→ Records provided:
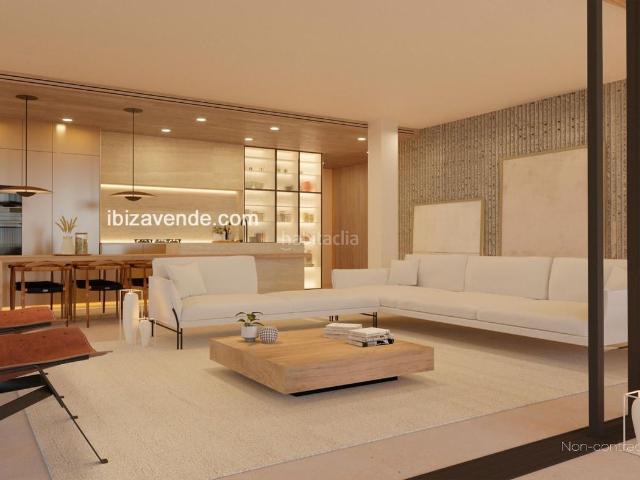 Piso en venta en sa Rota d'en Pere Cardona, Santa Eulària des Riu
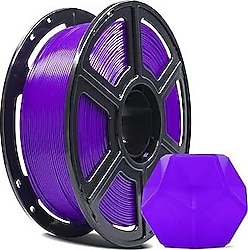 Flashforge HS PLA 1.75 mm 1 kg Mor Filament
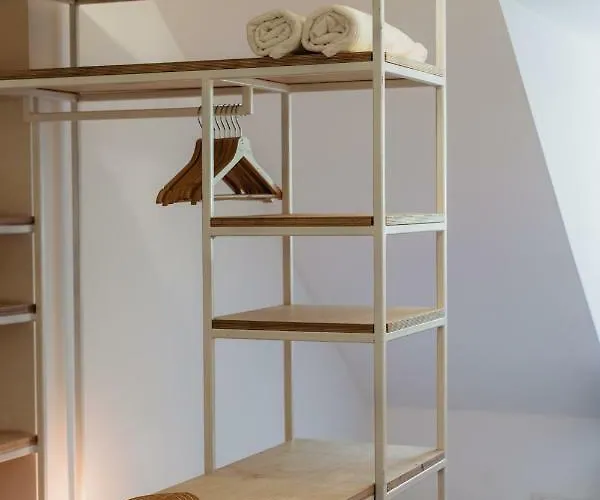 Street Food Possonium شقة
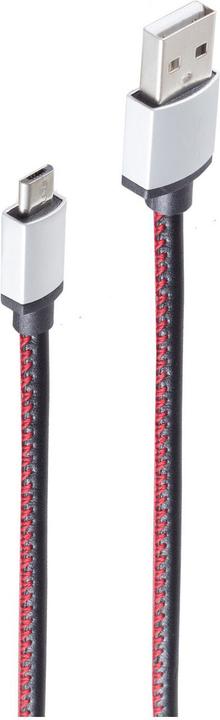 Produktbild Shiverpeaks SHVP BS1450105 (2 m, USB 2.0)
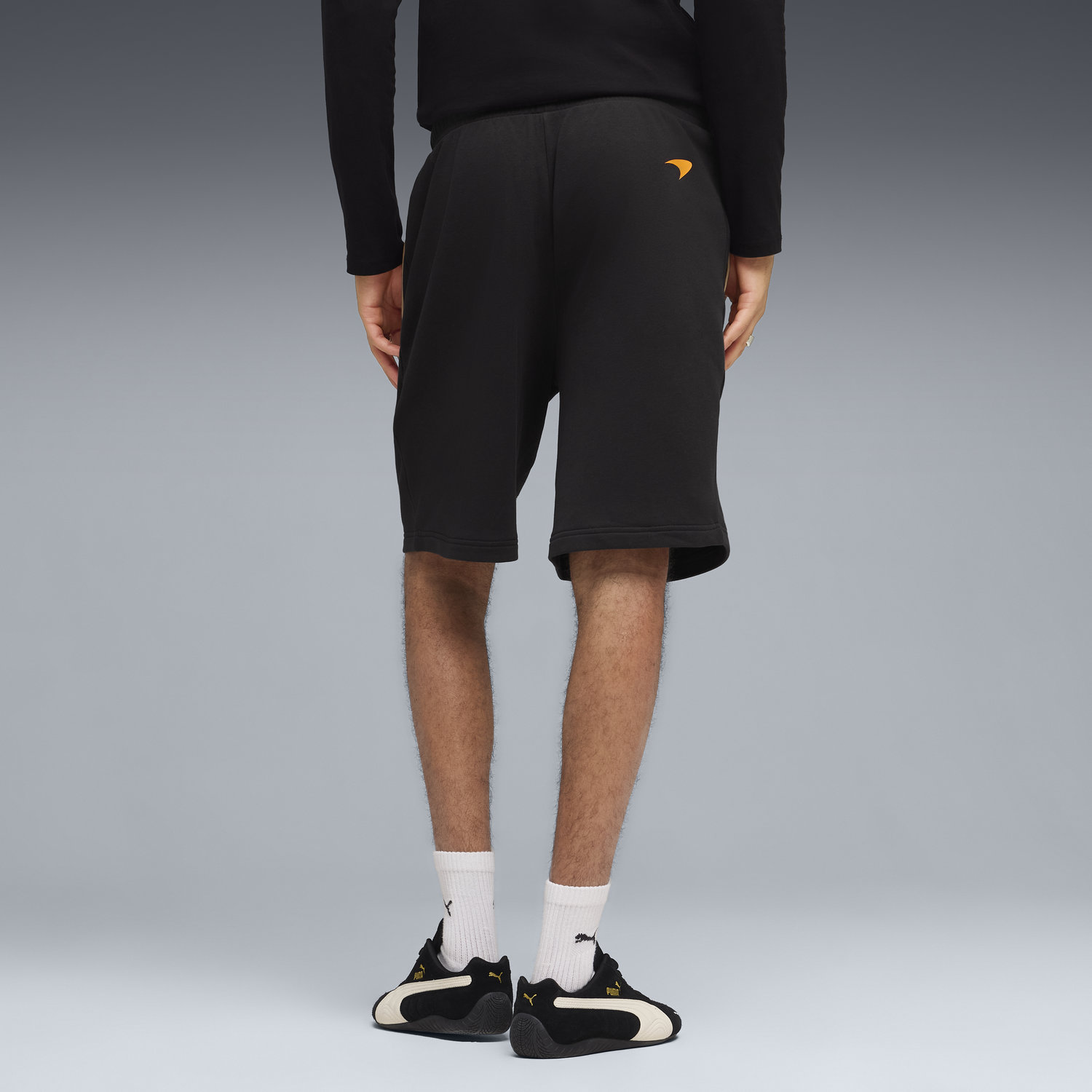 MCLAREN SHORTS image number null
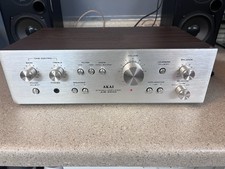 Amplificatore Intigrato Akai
* * *
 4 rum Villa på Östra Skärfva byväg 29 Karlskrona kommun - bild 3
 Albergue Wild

→ Task instructions: Starting at the line with "Piso en venta" in the entries above, write out every line exactly until the line with "Amplificatore Intigrato Akai" has been written. Include no pictures and nothing more.

→ Answer section:
 Piso en venta en sa Rota d'en Pere Cardona, Santa Eulària des Riu
 Flashforge HS PLA 1.75 mm 1 kg Mor Filament
 Street Food Possonium شقة
 Produktbild Shiverpeaks SHVP BS1450105 (2 m, USB 2.0)
 MCLAREN SHORTS image number null
 Amplificatore Intigrato Akai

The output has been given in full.